Description of the task —
All lines from the one that contains "Paesaggi del Conero" through the close of the entries below are to be repeated exactly, without any pictures.

Material for this exercise —
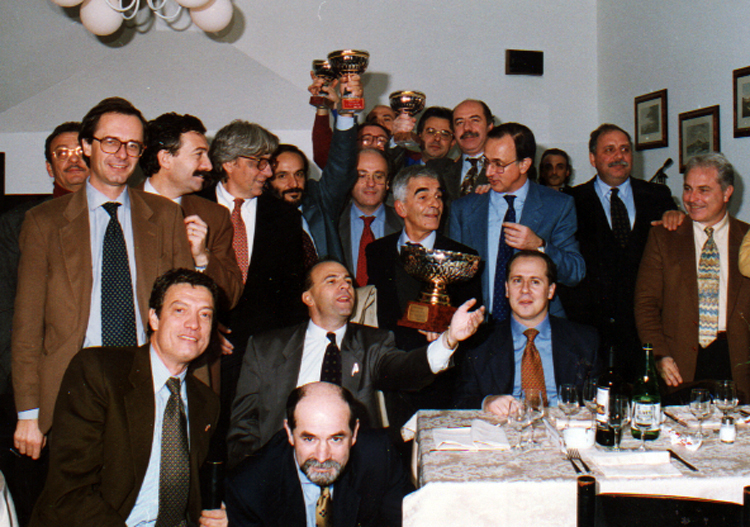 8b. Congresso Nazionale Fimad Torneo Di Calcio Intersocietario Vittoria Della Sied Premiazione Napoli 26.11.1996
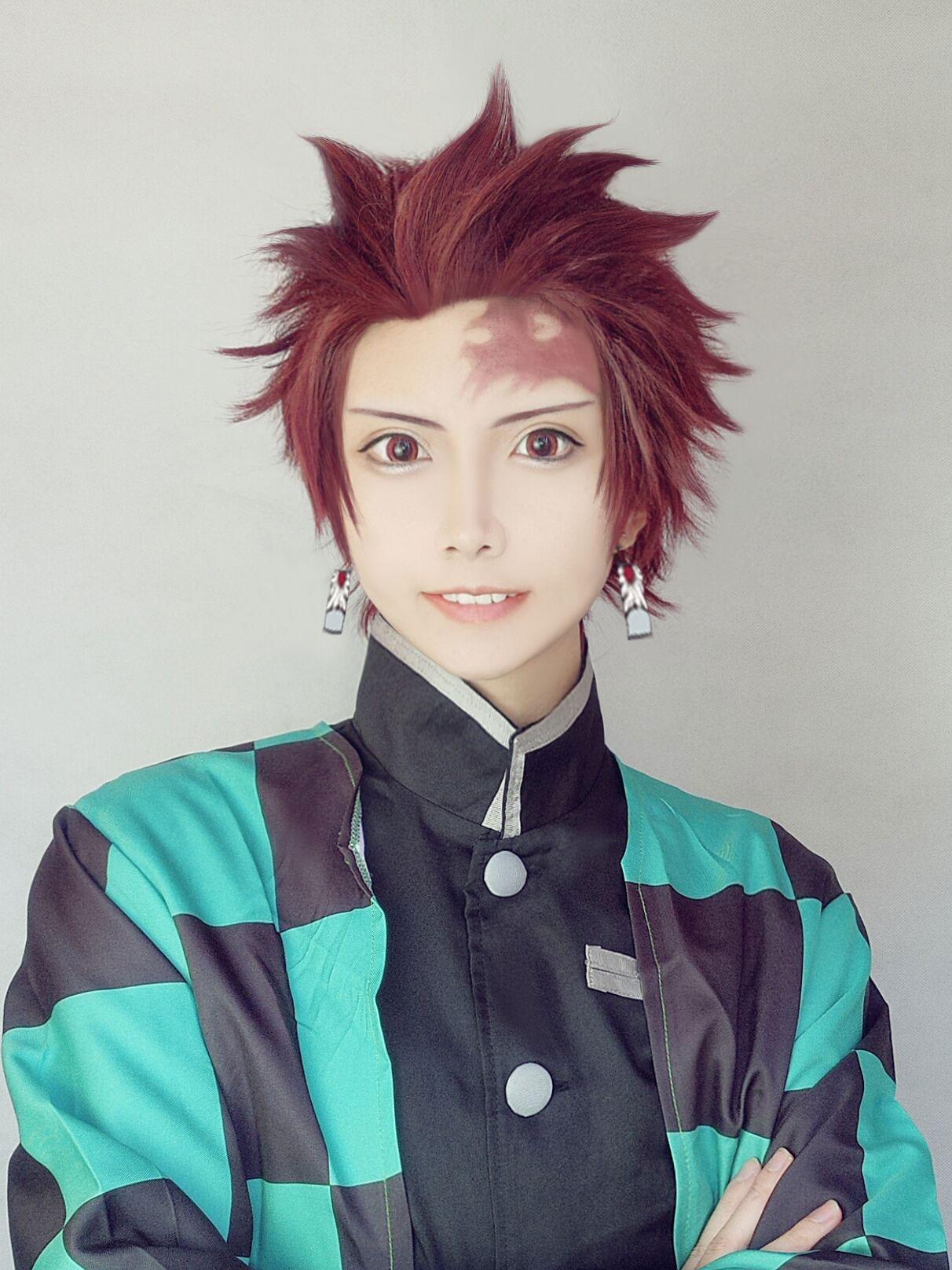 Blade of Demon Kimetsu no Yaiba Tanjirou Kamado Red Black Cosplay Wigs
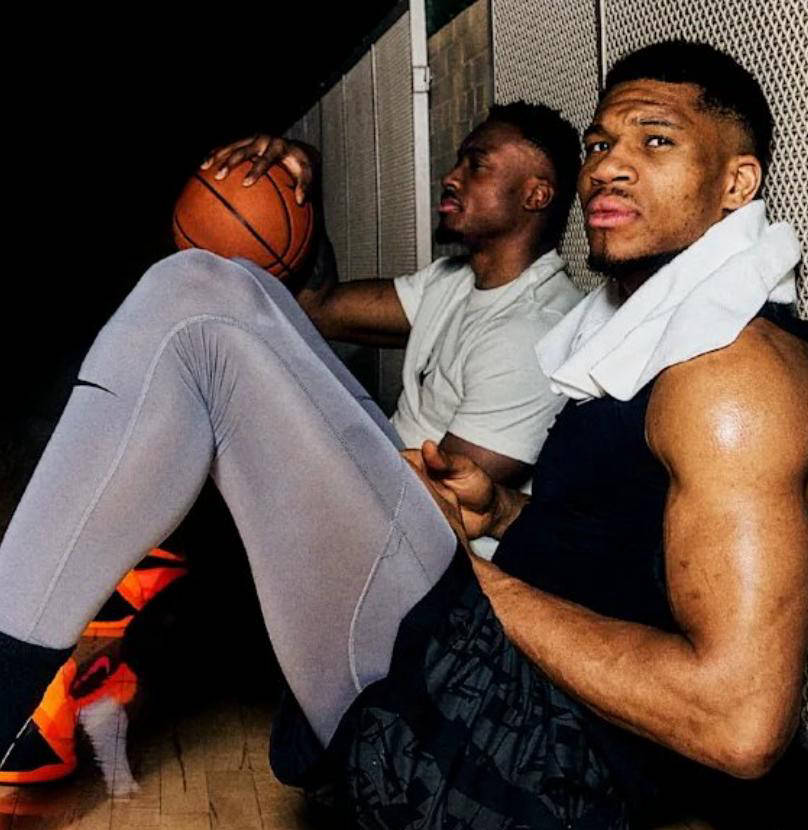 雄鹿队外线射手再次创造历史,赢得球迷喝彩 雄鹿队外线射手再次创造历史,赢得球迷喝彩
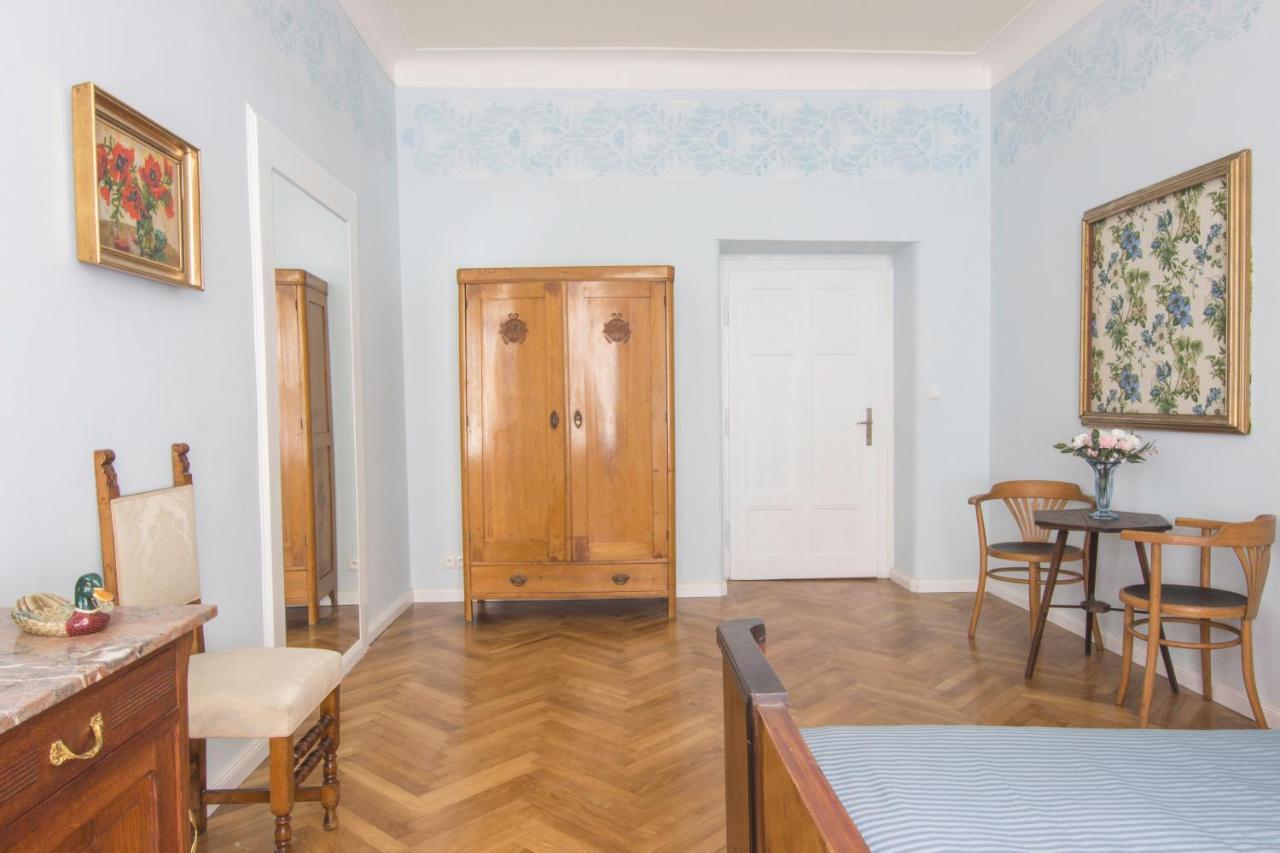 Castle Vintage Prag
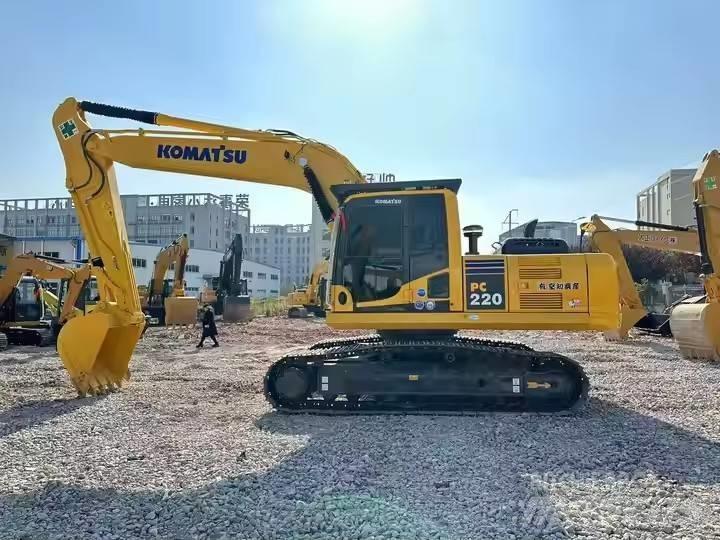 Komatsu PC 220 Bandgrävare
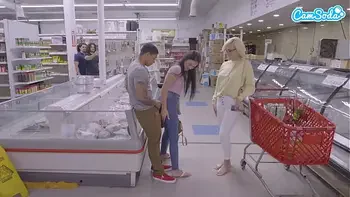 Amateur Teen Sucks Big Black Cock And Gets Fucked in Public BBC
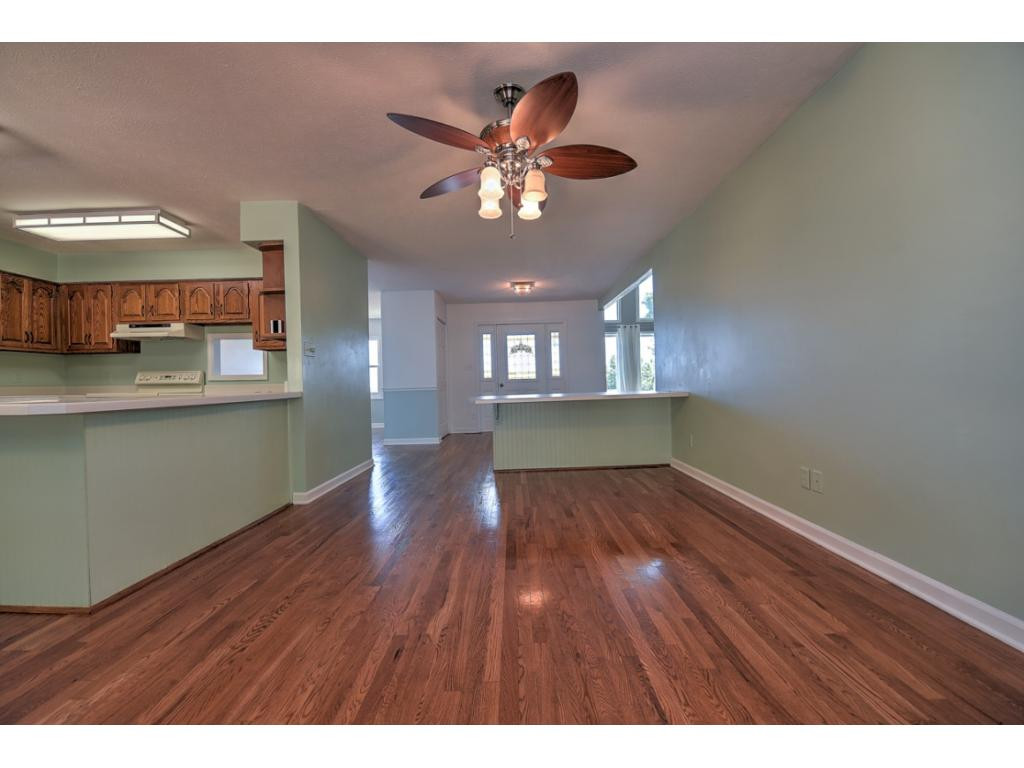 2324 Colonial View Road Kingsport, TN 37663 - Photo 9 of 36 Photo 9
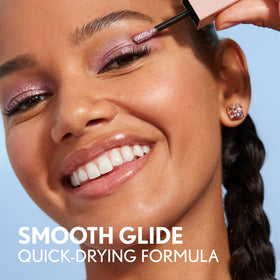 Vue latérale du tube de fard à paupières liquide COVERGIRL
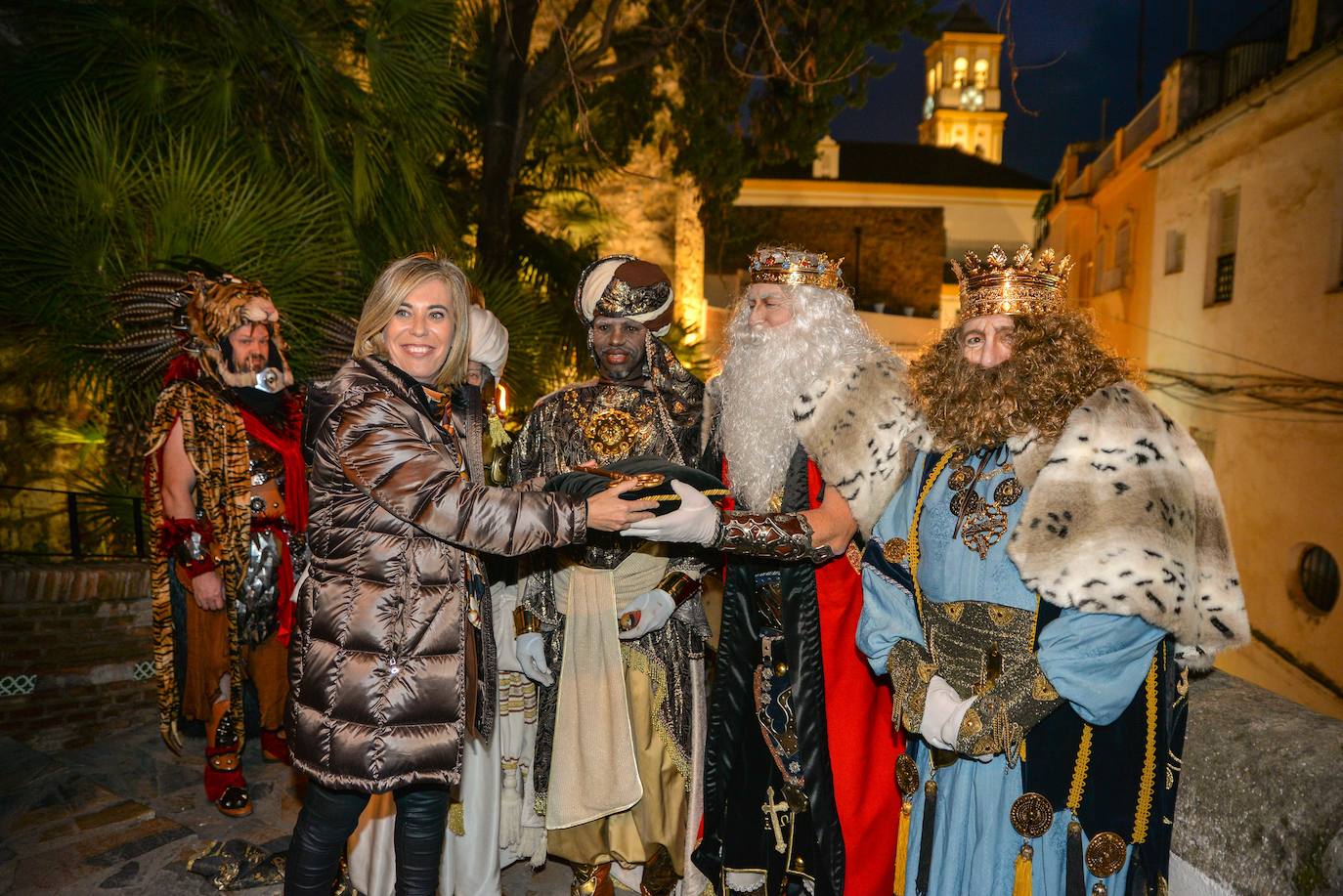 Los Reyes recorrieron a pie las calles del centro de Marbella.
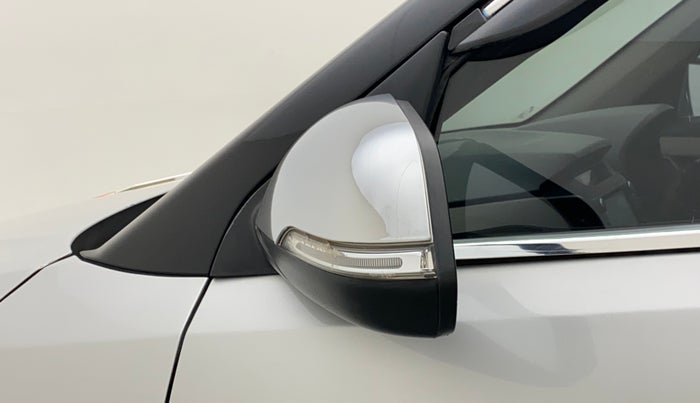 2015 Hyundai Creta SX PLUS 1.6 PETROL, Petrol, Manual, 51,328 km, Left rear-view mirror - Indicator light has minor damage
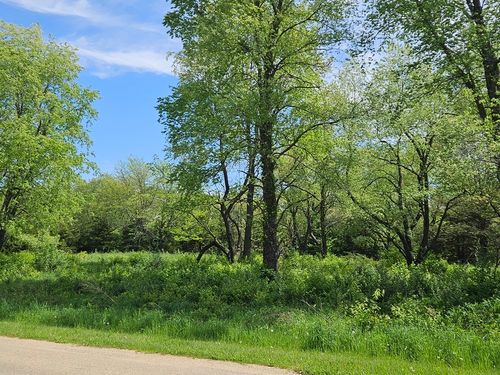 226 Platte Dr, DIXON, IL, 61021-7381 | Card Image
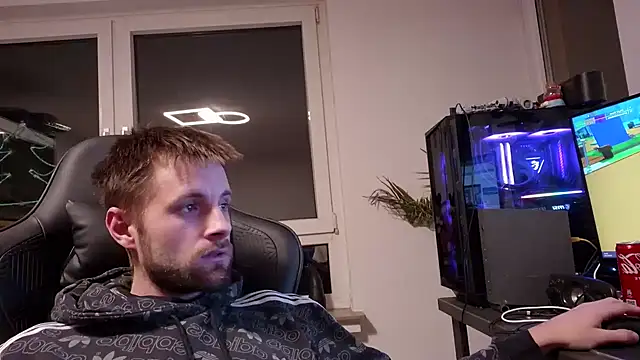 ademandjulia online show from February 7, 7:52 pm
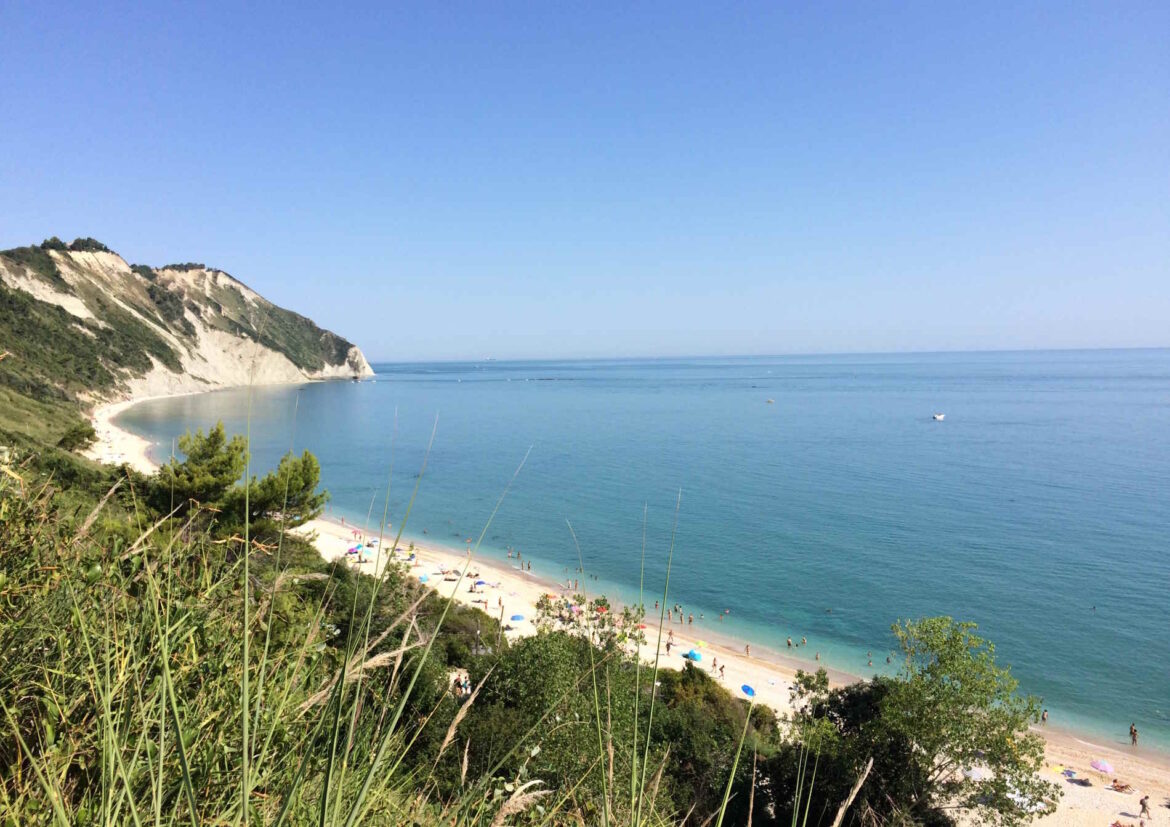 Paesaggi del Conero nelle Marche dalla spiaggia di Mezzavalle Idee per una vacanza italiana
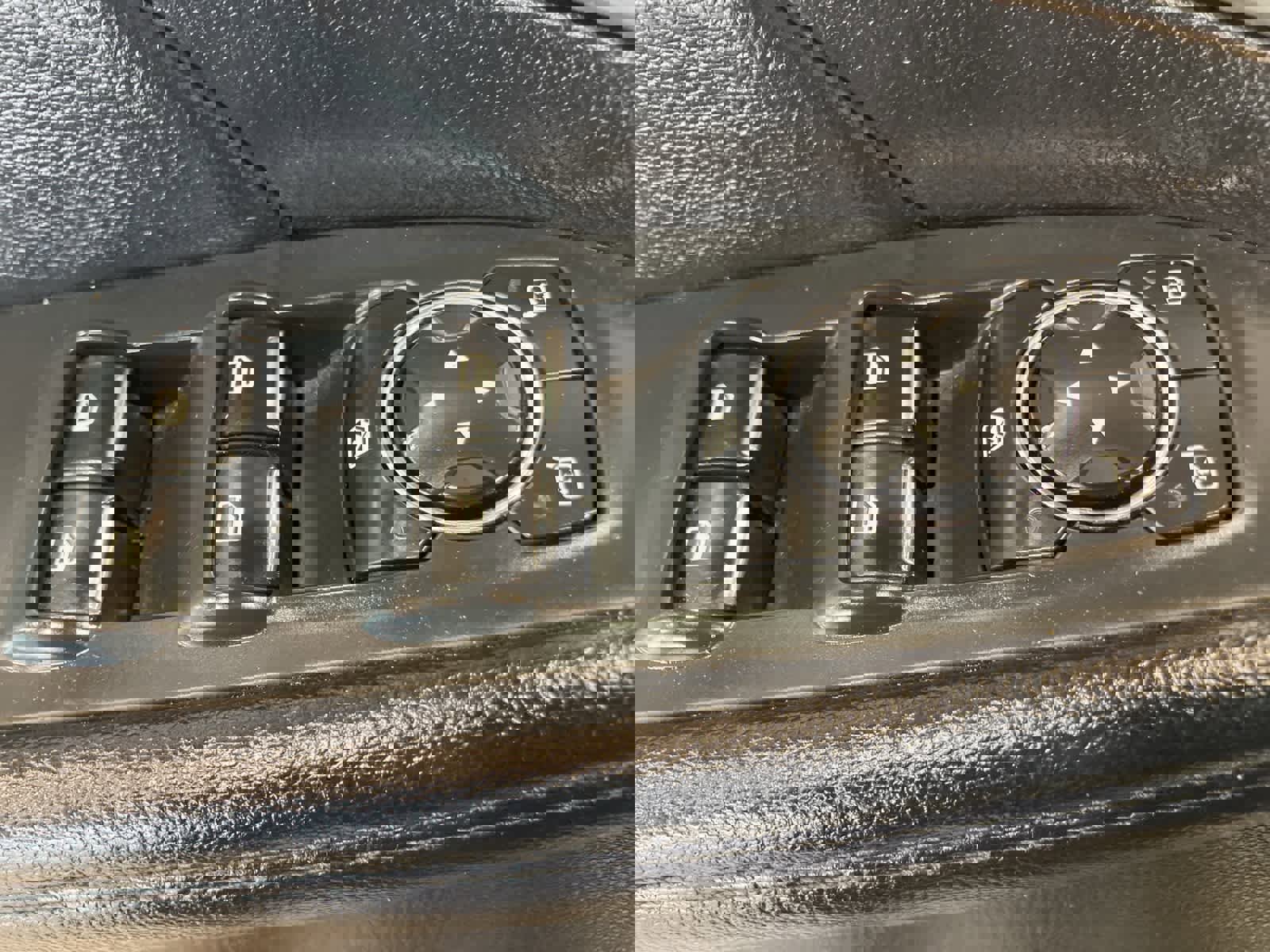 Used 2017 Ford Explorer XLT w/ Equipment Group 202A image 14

Output for this exercise —
 Paesaggi del Conero nelle Marche dalla spiaggia di Mezzavalle Idee per una vacanza italiana
 Used 2017 Ford Explorer XLT w/ Equipment Group 202A image 14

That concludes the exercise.